I don’t expect that to be a concern for long. For one thing, natural gas heating continues to gain market share with oil conversions, even in states like New Jersey and New York that have been losing population.

And carbon-conscious states like California, renewable natural gas from organic plant and animal waste is gaining credence as an alternative with a process that actually lowers greenhouse gas emissions.

The bottom line is gas distribution infrastructure will be used and useful decades hence. And in the meantime, companies are firing up growth adding to rate base, by investing in network to improve efficiency and safety, as well as adding customers.

The valuation implosion, however, has pushed NiSource Inc. (NI) and South Jersey Industries (SJI) to compelling valuations that seem bound to attract suitors.

South Jersey is exposed to the still-delayed Penn East Pipeline project, and investors are likely to scrutinize its progress as well as other unregulated operations when the company reports Q3 results the first week of November.

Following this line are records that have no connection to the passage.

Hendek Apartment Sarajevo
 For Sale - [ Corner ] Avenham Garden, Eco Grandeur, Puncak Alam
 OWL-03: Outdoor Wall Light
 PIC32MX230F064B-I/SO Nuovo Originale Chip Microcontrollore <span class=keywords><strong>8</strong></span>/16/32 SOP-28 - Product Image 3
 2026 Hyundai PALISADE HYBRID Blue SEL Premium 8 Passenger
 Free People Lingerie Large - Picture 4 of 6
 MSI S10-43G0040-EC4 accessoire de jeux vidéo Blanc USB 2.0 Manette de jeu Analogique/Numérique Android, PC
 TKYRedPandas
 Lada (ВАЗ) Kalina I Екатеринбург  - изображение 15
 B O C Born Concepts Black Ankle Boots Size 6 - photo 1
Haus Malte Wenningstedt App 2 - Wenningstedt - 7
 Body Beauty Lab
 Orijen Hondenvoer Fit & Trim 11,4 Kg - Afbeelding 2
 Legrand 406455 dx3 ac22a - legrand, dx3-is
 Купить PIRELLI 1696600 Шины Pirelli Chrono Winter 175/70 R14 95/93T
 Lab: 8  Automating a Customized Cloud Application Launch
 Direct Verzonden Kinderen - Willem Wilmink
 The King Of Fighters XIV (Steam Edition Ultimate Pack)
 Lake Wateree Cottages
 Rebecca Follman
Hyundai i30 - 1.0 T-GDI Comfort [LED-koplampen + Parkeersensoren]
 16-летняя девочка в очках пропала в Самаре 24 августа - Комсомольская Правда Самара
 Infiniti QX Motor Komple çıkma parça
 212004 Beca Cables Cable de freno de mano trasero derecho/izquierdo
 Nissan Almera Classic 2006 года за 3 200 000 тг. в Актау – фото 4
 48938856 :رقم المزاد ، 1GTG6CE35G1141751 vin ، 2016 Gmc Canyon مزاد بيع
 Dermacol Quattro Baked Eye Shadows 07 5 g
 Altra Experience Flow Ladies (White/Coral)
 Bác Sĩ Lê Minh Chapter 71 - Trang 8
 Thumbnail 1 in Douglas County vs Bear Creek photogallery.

But with New Jersey regulators approving an amicable rate increase in late September, the hiring of a CFO and meaningful leverage to government stimulus spending, reassurance and reaffirmation of guidance will likely trigger a recovery in the stock.

And at a market cap of barely $2 billion, it’s not hard to see a high premium all-cash bid from the current price. My highest recommended entry point is still $32.

As for NiSource, the company recently announced a $40 billion infrastructure spending plan over the next 20 years that if regulators approve will boost its regulated electric and gas utility rate base 10 to 12 percent a year through 2024.

That would produce compound annual earnings growth of 7 to 9 percent over that same time frame, which should help close the stock’s valuation gap to other utilities. That’s if a takeover offer doesn’t come first from a utility looking to add reliable regulated cash flows. Buy up to $25.